2009/2/18 Tyson Whitehead
On February 17, 2009 19:24:44 Max Bolingbroke wrote:
2009/2/17 Tyson Whitehead
: (compiled with ghc 6.10 with options -O2 -ddump-simpl)
That should have been -ddump-stranal instead of -ddump-simpl.
Right. Mystery solved. In case you were wondering, the reason the other two lambdas in "digit" are not worker/wrappered is because GHC only performs strictness analysis on lambdas that occur /immediately/ in the binding.
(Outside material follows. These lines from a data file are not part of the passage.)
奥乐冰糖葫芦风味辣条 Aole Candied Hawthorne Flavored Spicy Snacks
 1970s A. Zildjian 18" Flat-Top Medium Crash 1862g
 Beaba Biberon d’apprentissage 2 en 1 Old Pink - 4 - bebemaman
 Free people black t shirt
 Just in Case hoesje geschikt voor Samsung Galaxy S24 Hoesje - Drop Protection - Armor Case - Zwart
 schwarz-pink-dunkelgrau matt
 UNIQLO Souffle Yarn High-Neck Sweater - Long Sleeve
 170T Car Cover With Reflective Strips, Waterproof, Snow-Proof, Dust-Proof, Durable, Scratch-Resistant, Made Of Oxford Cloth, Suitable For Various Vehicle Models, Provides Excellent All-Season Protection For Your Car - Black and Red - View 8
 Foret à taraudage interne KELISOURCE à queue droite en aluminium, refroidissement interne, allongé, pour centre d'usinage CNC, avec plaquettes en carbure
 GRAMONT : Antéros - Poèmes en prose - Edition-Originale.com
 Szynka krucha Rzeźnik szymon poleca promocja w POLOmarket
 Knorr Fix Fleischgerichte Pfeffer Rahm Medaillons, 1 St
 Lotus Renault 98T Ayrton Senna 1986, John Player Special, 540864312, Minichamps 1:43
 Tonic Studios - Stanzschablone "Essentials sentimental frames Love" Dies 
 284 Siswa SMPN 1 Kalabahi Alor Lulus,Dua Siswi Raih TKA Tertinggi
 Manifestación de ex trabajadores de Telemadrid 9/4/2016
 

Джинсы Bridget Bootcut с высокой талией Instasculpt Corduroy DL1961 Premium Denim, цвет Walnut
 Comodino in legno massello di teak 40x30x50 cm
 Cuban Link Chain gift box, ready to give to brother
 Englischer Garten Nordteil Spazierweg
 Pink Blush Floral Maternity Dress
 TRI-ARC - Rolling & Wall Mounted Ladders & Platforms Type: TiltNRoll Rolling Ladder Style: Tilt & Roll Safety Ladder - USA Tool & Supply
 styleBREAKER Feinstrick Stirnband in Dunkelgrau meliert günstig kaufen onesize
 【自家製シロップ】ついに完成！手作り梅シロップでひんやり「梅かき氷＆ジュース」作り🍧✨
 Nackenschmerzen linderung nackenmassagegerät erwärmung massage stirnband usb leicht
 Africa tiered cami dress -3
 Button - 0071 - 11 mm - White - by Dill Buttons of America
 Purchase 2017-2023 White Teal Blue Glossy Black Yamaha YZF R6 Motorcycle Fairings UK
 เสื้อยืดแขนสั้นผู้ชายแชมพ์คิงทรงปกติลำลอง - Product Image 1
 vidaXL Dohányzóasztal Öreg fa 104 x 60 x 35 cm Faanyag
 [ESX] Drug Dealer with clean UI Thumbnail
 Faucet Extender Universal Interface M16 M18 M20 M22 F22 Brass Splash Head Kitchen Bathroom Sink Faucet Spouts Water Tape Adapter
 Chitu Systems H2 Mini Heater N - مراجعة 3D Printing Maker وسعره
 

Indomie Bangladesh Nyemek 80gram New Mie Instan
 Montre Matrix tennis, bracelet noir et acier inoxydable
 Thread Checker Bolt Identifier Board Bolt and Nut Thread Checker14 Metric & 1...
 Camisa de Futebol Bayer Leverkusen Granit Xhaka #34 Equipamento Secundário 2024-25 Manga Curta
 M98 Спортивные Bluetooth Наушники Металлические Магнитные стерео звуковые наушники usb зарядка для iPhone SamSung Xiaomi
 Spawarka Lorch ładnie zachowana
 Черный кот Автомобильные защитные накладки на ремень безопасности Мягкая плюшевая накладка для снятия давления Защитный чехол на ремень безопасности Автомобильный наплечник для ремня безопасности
So increasing the arity of digit is CRUCIAL to getting your program to compile well, as that will cause: * Strictness analysis on the inner lambdas * Inlining of lvl_s1mF * Fewer updateable thunks to be created by callers (as we won't try to cache the results of a partial application)
I was wondering why lvl_s1mF is not being inlined into a_s1Gv in the core at the bottom of this email as that is the only place it is ever referenced.
The relevant GHC code is SimplUtils.preInlineUnconditionally. It looks like it dosen't get inlined for two reasons: 1) It's not a manifest lambda (it's an application) so inlining inside another lambda would change the number of times the FVs of lvl_s1mF might occur
I have to confess my ignorance here as my google fu failed and so I still don't know what a manifest lambda is (other than not a application). : )
Sorry :-). Manifest lambdas are just lambdas that occur manifestly! So e.g.: f = \x -> g x HAS a manifest lambda, whereas: f' = g Does NOT have one. No lambda immediately starts the binding. Lambdas, manifest or otherwise, are important in this context because any value with a leading lambda is certainly very cheap and so can be inlined inside other lambdas - which is what you are trying to achieve with lvl_s1mF. (snip code and explanation)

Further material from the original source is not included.